Your answer must be the exact lines of the listing below that run from the line with "7 Exeter Road" to the line with "Portrait of young", ends included, and no pictures.

Data shown:
================================

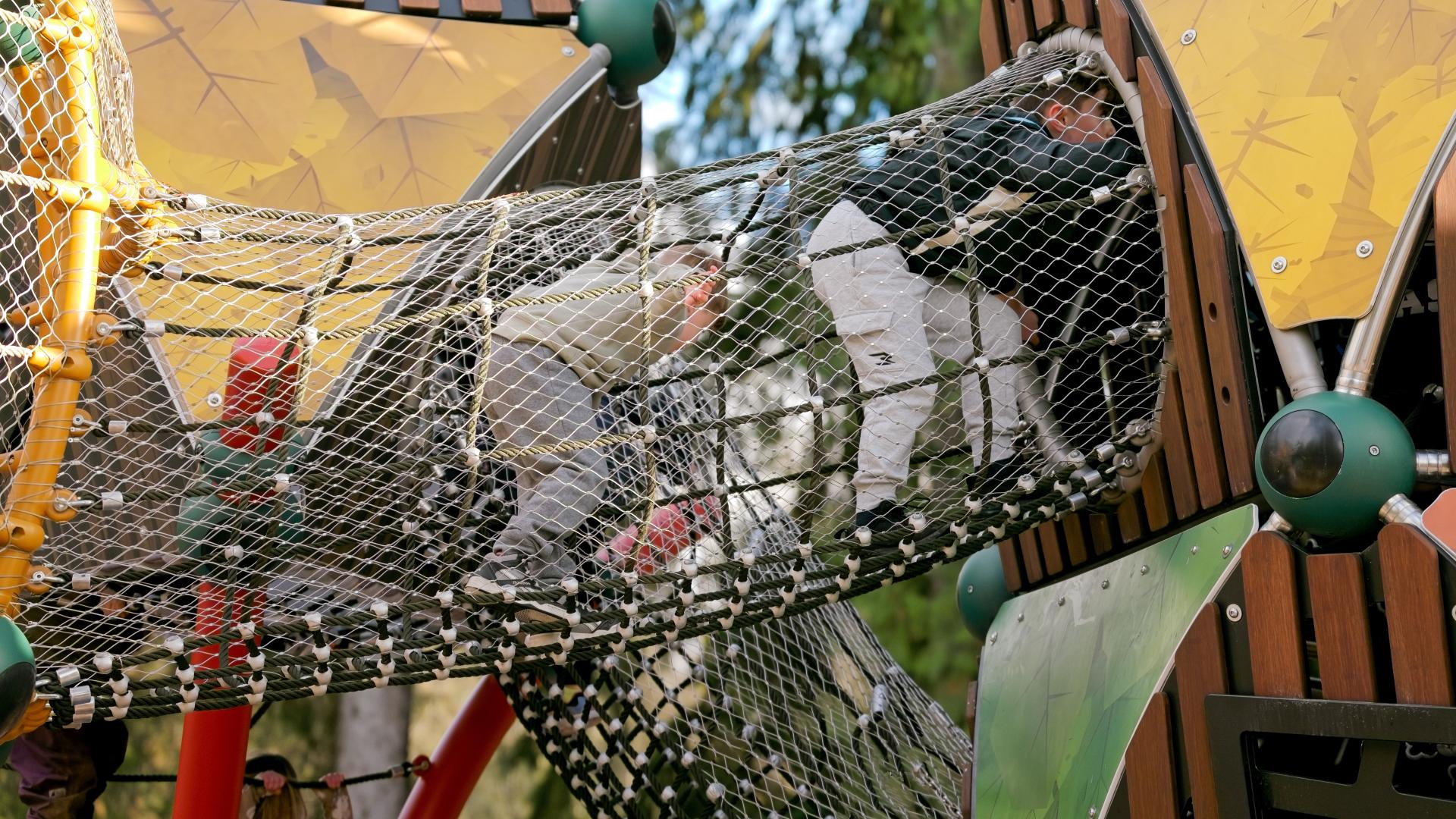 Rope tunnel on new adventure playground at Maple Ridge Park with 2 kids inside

================================

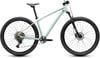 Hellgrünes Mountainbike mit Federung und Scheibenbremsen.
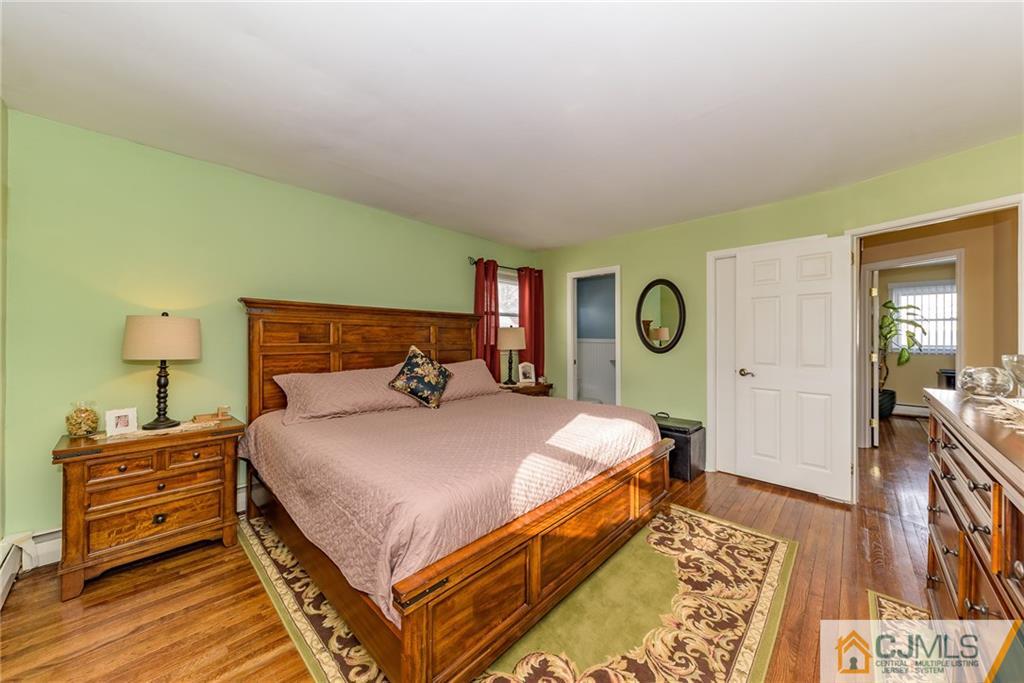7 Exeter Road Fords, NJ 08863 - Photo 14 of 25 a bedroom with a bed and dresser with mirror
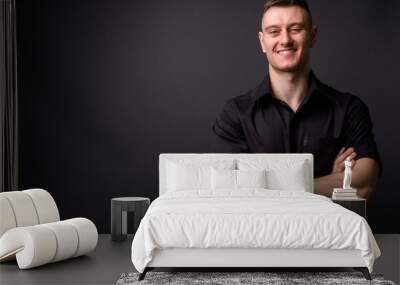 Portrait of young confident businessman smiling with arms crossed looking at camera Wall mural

================================

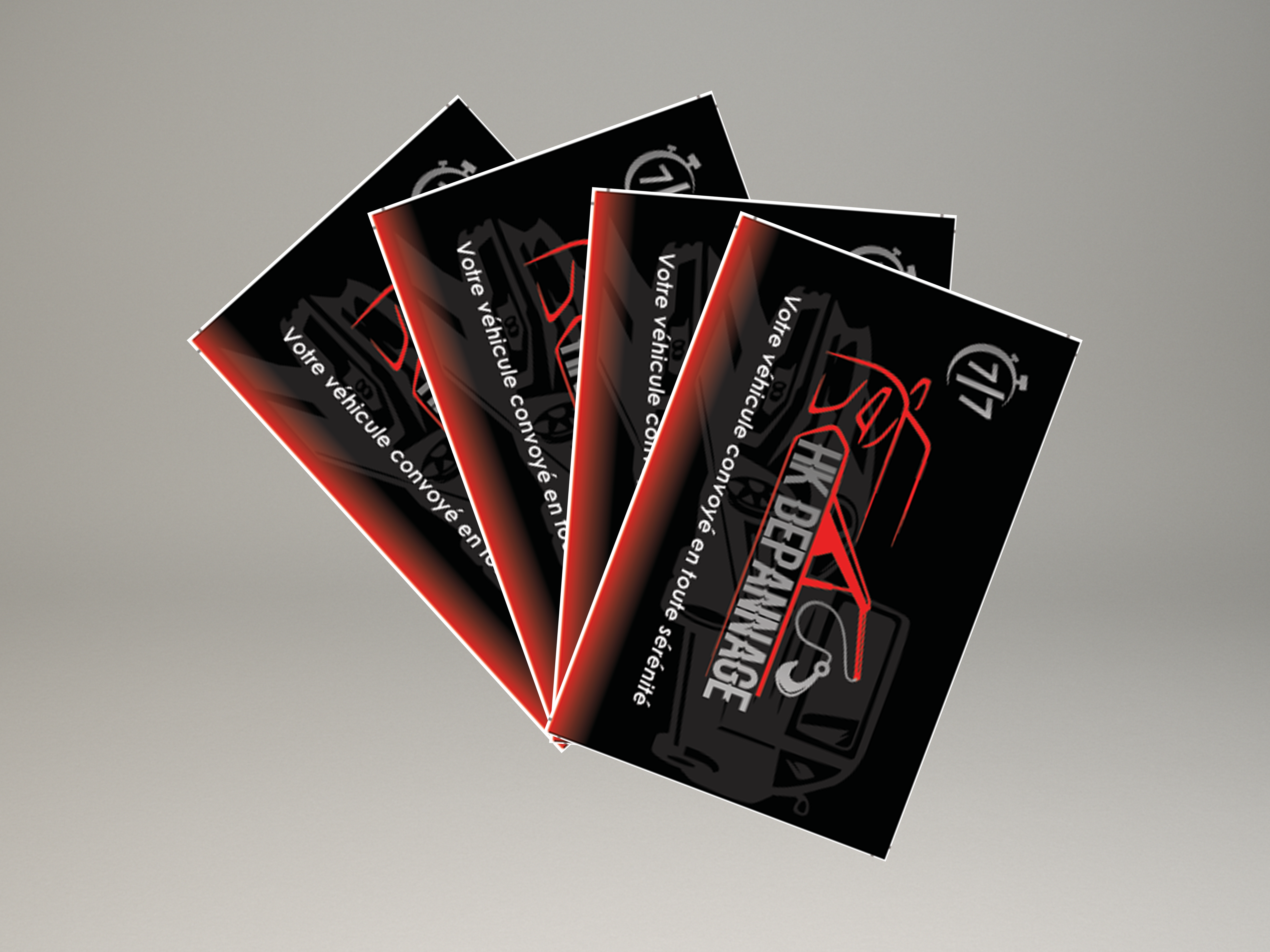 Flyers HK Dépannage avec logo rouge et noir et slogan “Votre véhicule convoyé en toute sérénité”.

================================

Answer to the exercise:
7 Exeter Road Fords, NJ 08863 - Photo 14 of 25 a bedroom with a bed and dresser with mirror
 Portrait of young confident businessman smiling with arms crossed looking at camera Wall mural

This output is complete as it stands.